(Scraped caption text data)
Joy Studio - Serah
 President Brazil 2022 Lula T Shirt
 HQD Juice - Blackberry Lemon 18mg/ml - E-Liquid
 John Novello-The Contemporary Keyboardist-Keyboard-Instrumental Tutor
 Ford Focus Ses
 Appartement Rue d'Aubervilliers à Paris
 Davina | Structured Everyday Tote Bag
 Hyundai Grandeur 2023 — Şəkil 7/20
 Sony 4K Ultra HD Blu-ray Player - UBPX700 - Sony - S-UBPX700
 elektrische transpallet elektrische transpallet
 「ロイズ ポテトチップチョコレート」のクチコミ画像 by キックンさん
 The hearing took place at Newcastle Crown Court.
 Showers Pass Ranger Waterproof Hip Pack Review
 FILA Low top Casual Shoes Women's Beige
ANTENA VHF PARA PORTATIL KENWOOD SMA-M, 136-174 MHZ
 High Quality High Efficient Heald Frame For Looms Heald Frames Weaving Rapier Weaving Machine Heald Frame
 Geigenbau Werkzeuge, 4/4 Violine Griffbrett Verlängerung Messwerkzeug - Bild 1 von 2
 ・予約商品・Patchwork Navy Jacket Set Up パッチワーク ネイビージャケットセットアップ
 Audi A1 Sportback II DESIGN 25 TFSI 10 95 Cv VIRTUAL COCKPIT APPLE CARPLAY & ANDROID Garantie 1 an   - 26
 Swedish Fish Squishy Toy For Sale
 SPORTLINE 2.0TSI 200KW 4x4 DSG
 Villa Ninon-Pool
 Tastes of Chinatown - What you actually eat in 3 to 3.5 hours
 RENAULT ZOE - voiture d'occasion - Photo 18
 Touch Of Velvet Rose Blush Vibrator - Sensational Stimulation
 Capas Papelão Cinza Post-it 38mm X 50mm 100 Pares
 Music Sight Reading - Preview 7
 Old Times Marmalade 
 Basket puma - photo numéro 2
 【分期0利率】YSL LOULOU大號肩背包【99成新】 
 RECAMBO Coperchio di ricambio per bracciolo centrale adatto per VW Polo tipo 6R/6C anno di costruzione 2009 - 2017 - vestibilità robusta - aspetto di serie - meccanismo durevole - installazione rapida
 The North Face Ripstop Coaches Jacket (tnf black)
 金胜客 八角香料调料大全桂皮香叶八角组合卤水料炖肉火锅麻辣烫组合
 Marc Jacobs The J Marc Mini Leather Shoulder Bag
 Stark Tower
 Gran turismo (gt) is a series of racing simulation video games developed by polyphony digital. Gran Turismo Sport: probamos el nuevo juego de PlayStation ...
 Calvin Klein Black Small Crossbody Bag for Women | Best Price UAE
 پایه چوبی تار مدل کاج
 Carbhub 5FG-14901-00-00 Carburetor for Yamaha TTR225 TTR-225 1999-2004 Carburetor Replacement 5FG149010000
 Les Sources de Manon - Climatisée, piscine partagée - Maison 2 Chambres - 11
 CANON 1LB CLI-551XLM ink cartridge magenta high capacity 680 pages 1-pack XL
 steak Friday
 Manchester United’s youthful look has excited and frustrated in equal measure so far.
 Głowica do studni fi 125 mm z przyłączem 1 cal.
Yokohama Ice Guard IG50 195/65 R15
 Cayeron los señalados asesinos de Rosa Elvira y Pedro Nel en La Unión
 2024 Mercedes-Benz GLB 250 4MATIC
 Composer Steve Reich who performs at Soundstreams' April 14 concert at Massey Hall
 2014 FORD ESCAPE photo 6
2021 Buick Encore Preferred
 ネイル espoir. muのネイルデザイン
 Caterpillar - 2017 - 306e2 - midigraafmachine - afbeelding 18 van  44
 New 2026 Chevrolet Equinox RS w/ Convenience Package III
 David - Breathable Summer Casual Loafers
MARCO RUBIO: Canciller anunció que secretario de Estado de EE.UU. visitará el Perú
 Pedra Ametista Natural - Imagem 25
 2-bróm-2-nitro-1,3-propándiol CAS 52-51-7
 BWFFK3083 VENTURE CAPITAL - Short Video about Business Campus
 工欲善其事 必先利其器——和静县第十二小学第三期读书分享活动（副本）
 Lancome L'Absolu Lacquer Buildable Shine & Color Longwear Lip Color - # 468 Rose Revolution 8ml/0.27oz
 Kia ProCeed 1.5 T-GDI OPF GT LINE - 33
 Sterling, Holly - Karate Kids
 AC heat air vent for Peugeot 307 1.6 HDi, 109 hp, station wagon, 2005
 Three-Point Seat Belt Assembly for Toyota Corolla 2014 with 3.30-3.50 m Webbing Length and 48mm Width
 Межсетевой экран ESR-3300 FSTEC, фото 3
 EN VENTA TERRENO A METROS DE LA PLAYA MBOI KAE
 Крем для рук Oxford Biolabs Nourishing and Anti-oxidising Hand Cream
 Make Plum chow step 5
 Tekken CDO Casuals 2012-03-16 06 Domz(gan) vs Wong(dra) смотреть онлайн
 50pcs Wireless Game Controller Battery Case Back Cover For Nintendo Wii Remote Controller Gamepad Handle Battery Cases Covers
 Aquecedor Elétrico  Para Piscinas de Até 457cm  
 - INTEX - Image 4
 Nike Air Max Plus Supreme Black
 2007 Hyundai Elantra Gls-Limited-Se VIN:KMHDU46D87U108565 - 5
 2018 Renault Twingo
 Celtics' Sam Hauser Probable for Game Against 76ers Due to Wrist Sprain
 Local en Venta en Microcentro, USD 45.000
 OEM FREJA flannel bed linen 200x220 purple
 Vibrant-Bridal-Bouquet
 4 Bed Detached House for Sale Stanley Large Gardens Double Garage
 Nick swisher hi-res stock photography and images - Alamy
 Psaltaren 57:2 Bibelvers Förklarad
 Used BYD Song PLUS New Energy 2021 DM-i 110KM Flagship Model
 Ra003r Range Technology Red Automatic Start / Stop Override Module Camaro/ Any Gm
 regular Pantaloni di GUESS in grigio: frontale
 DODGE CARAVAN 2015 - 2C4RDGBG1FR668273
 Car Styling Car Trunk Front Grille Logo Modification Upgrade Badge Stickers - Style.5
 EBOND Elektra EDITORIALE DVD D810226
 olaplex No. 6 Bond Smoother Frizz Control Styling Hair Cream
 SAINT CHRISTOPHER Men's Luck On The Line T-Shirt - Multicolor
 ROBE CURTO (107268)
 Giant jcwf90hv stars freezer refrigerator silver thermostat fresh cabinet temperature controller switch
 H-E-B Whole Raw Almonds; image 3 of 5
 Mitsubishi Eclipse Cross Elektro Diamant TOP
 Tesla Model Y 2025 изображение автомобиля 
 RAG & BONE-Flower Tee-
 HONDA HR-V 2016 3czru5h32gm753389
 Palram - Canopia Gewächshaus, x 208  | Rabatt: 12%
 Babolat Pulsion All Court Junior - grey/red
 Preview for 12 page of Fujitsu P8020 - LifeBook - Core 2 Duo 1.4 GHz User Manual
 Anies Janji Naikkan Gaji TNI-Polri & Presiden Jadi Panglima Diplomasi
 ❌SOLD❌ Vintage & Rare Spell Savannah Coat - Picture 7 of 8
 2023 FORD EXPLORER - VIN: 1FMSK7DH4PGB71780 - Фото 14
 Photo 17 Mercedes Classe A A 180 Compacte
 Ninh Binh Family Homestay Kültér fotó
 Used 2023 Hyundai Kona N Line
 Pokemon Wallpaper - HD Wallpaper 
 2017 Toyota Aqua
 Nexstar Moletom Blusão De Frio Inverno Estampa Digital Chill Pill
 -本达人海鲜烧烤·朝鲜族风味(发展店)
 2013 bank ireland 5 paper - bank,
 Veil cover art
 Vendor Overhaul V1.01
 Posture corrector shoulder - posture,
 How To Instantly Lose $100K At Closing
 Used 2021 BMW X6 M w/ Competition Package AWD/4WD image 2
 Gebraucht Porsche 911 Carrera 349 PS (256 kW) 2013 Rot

* [Work to be completed]
Restate each line of the records above without any deviation.

* [Output of the task]
Joy Studio - Serah
 President Brazil 2022 Lula T Shirt
 HQD Juice - Blackberry Lemon 18mg/ml - E-Liquid
 John Novello-The Contemporary Keyboardist-Keyboard-Instrumental Tutor
 Ford Focus Ses
 Appartement Rue d'Aubervilliers à Paris
 Davina | Structured Everyday Tote Bag
 Hyundai Grandeur 2023 — Şəkil 7/20
 Sony 4K Ultra HD Blu-ray Player - UBPX700 - Sony - S-UBPX700
 elektrische transpallet elektrische transpallet
 「ロイズ ポテトチップチョコレート」のクチコミ画像 by キックンさん
 The hearing took place at Newcastle Crown Court.
 Showers Pass Ranger Waterproof Hip Pack Review
 FILA Low top Casual Shoes Women's Beige
ANTENA VHF PARA PORTATIL KENWOOD SMA-M, 136-174 MHZ
 High Quality High Efficient Heald Frame For Looms Heald Frames Weaving Rapier Weaving Machine Heald Frame
 Geigenbau Werkzeuge, 4/4 Violine Griffbrett Verlängerung Messwerkzeug - Bild 1 von 2
 ・予約商品・Patchwork Navy Jacket Set Up パッチワーク ネイビージャケットセットアップ
 Audi A1 Sportback II DESIGN 25 TFSI 10 95 Cv VIRTUAL COCKPIT APPLE CARPLAY & ANDROID Garantie 1 an   - 26
 Swedish Fish Squishy Toy For Sale
 SPORTLINE 2.0TSI 200KW 4x4 DSG
 Villa Ninon-Pool
 Tastes of Chinatown - What you actually eat in 3 to 3.5 hours
 RENAULT ZOE - voiture d'occasion - Photo 18
 Touch Of Velvet Rose Blush Vibrator - Sensational Stimulation
 Capas Papelão Cinza Post-it 38mm X 50mm 100 Pares
 Music Sight Reading - Preview 7
 Old Times Marmalade 
 Basket puma - photo numéro 2
 【分期0利率】YSL LOULOU大號肩背包【99成新】 
 RECAMBO Coperchio di ricambio per bracciolo centrale adatto per VW Polo tipo 6R/6C anno di costruzione 2009 - 2017 - vestibilità robusta - aspetto di serie - meccanismo durevole - installazione rapida
 The North Face Ripstop Coaches Jacket (tnf black)
 金胜客 八角香料调料大全桂皮香叶八角组合卤水料炖肉火锅麻辣烫组合
 Marc Jacobs The J Marc Mini Leather Shoulder Bag
 Stark Tower
 Gran turismo (gt) is a series of racing simulation video games developed by polyphony digital. Gran Turismo Sport: probamos el nuevo juego de PlayStation ...
 Calvin Klein Black Small Crossbody Bag for Women | Best Price UAE
 پایه چوبی تار مدل کاج
 Carbhub 5FG-14901-00-00 Carburetor for Yamaha TTR225 TTR-225 1999-2004 Carburetor Replacement 5FG149010000
 Les Sources de Manon - Climatisée, piscine partagée - Maison 2 Chambres - 11
 CANON 1LB CLI-551XLM ink cartridge magenta high capacity 680 pages 1-pack XL
 steak Friday
 Manchester United’s youthful look has excited and frustrated in equal measure so far.
 Głowica do studni fi 125 mm z przyłączem 1 cal.
Yokohama Ice Guard IG50 195/65 R15
 Cayeron los señalados asesinos de Rosa Elvira y Pedro Nel en La Unión
 2024 Mercedes-Benz GLB 250 4MATIC
 Composer Steve Reich who performs at Soundstreams' April 14 concert at Massey Hall
 2014 FORD ESCAPE photo 6
2021 Buick Encore Preferred
 ネイル espoir. muのネイルデザイン
 Caterpillar - 2017 - 306e2 - midigraafmachine - afbeelding 18 van  44
 New 2026 Chevrolet Equinox RS w/ Convenience Package III
 David - Breathable Summer Casual Loafers
MARCO RUBIO: Canciller anunció que secretario de Estado de EE.UU. visitará el Perú
 Pedra Ametista Natural - Imagem 25
 2-bróm-2-nitro-1,3-propándiol CAS 52-51-7
 BWFFK3083 VENTURE CAPITAL - Short Video about Business Campus
 工欲善其事 必先利其器——和静县第十二小学第三期读书分享活动（副本）
 Lancome L'Absolu Lacquer Buildable Shine & Color Longwear Lip Color - # 468 Rose Revolution 8ml/0.27oz
 Kia ProCeed 1.5 T-GDI OPF GT LINE - 33
 Sterling, Holly - Karate Kids
 AC heat air vent for Peugeot 307 1.6 HDi, 109 hp, station wagon, 2005
 Three-Point Seat Belt Assembly for Toyota Corolla 2014 with 3.30-3.50 m Webbing Length and 48mm Width
 Межсетевой экран ESR-3300 FSTEC, фото 3
 EN VENTA TERRENO A METROS DE LA PLAYA MBOI KAE
 Крем для рук Oxford Biolabs Nourishing and Anti-oxidising Hand Cream
 Make Plum chow step 5
 Tekken CDO Casuals 2012-03-16 06 Domz(gan) vs Wong(dra) смотреть онлайн
 50pcs Wireless Game Controller Battery Case Back Cover For Nintendo Wii Remote Controller Gamepad Handle Battery Cases Covers
 Aquecedor Elétrico  Para Piscinas de Até 457cm  
 - INTEX - Image 4
 Nike Air Max Plus Supreme Black
 2007 Hyundai Elantra Gls-Limited-Se VIN:KMHDU46D87U108565 - 5
 2018 Renault Twingo
 Celtics' Sam Hauser Probable for Game Against 76ers Due to Wrist Sprain
 Local en Venta en Microcentro, USD 45.000
 OEM FREJA flannel bed linen 200x220 purple
 Vibrant-Bridal-Bouquet
 4 Bed Detached House for Sale Stanley Large Gardens Double Garage
 Nick swisher hi-res stock photography and images - Alamy
 Psaltaren 57:2 Bibelvers Förklarad
 Used BYD Song PLUS New Energy 2021 DM-i 110KM Flagship Model
 Ra003r Range Technology Red Automatic Start / Stop Override Module Camaro/ Any Gm
 regular Pantaloni di GUESS in grigio: frontale
 DODGE CARAVAN 2015 - 2C4RDGBG1FR668273
 Car Styling Car Trunk Front Grille Logo Modification Upgrade Badge Stickers - Style.5
 EBOND Elektra EDITORIALE DVD D810226
 olaplex No. 6 Bond Smoother Frizz Control Styling Hair Cream
 SAINT CHRISTOPHER Men's Luck On The Line T-Shirt - Multicolor
 ROBE CURTO (107268)
 Giant jcwf90hv stars freezer refrigerator silver thermostat fresh cabinet temperature controller switch
 H-E-B Whole Raw Almonds; image 3 of 5
 Mitsubishi Eclipse Cross Elektro Diamant TOP
 Tesla Model Y 2025 изображение автомобиля 
 RAG & BONE-Flower Tee-
 HONDA HR-V 2016 3czru5h32gm753389
 Palram - Canopia Gewächshaus, x 208  | Rabatt: 12%
 Babolat Pulsion All Court Junior - grey/red
 Preview for 12 page of Fujitsu P8020 - LifeBook - Core 2 Duo 1.4 GHz User Manual
 Anies Janji Naikkan Gaji TNI-Polri & Presiden Jadi Panglima Diplomasi
 ❌SOLD❌ Vintage & Rare Spell Savannah Coat - Picture 7 of 8
 2023 FORD EXPLORER - VIN: 1FMSK7DH4PGB71780 - Фото 14
 Photo 17 Mercedes Classe A A 180 Compacte
 Ninh Binh Family Homestay Kültér fotó
 Used 2023 Hyundai Kona N Line
 Pokemon Wallpaper - HD Wallpaper 
 2017 Toyota Aqua
 Nexstar Moletom Blusão De Frio Inverno Estampa Digital Chill Pill
 -本达人海鲜烧烤·朝鲜族风味(发展店)
 2013 bank ireland 5 paper - bank,
 Veil cover art
 Vendor Overhaul V1.01
 Posture corrector shoulder - posture,
 How To Instantly Lose $100K At Closing
 Used 2021 BMW X6 M w/ Competition Package AWD/4WD image 2
 Gebraucht Porsche 911 Carrera 349 PS (256 kW) 2013 Rot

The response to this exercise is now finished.